▸ **Exercise directions**: Skip the images and copy each record exactly as written.

▸ **Image-text web data**:
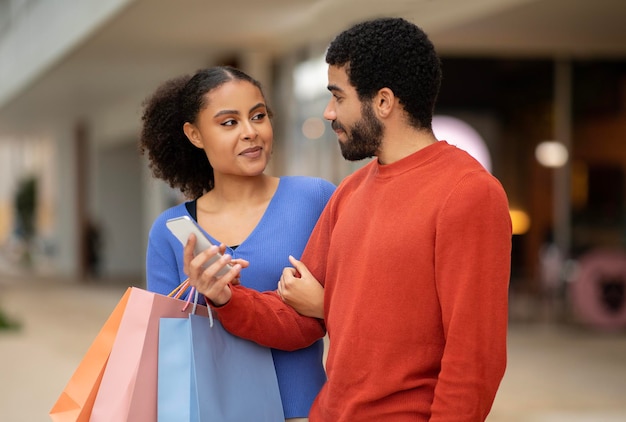 Coniugi misti che utilizzano l'applicazione per lo shopping mobile sul telefono nel centro commerciale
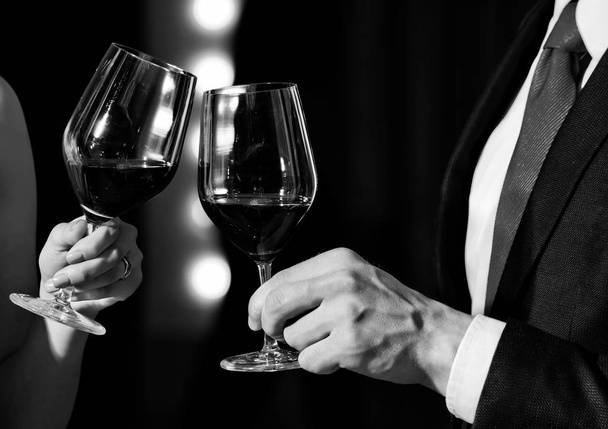 celebrating success. cheers, couple clink glasses with red wine - Fotografie, Obrázek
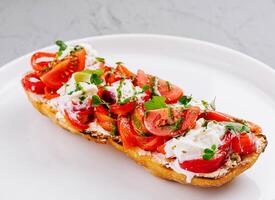 fresco pomodoro e formaggio Bruschetta su piatto foto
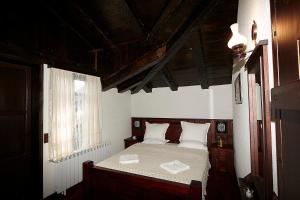 Postel nebo postele na pokoji v ubytování Family hotel Makedonska Kruchma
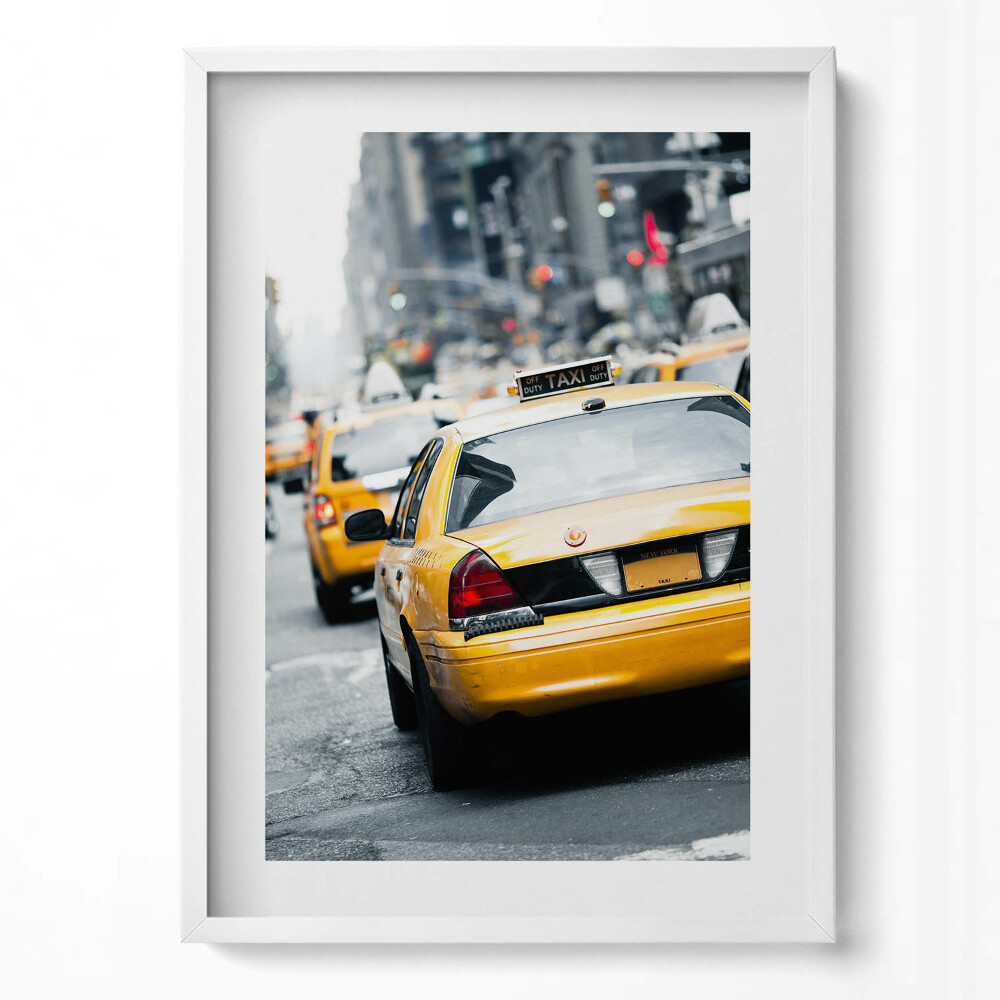 Függőleges kép keretben Sárga taxi autók városi forgalomban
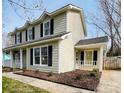 Charming two-story home featuring a welcoming side porch with landscaped garden at 7025 Spring Morning Ln, Charlotte, NC 28227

▸ **Written solution**:
 Coniugi misti che utilizzano l'applicazione per lo shopping mobile sul telefono nel centro commerciale
 celebrating success. cheers, couple clink glasses with red wine - Fotografie, Obrázek
 fresco pomodoro e formaggio Bruschetta su piatto foto
 Postel nebo postele na pokoji v ubytování Family hotel Makedonska Kruchma
 Függőleges kép keretben Sárga taxi autók városi forgalomban
 Charming two-story home featuring a welcoming side porch with landscaped garden at 7025 Spring Morning Ln, Charlotte, NC 28227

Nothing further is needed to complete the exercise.